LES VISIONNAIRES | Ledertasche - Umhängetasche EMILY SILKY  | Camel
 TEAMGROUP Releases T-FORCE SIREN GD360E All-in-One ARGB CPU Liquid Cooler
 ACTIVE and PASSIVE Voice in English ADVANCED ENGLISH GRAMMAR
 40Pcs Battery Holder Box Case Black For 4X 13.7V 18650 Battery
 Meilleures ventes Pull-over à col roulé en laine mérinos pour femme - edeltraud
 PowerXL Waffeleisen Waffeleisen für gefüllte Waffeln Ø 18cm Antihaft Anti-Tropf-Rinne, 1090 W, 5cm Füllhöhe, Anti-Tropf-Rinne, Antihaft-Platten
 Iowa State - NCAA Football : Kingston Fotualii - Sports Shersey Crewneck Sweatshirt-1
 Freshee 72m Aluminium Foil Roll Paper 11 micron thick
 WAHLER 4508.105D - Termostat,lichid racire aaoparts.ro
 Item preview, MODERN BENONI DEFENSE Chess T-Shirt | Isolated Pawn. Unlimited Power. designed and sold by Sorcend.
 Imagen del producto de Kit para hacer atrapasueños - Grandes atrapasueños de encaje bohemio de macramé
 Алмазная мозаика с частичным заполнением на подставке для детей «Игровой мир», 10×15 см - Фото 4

■ **Your objective**: Your reply should be the lines from the one that contains "Imagen del producto" through the end of the listing above, repeated exactly.

■ **Exercise result**:
 Imagen del producto de Kit para hacer atrapasueños - Grandes atrapasueños de encaje bohemio de macramé
 Алмазная мозаика с частичным заполнением на подставке для детей «Игровой мир», 10×15 см - Фото 4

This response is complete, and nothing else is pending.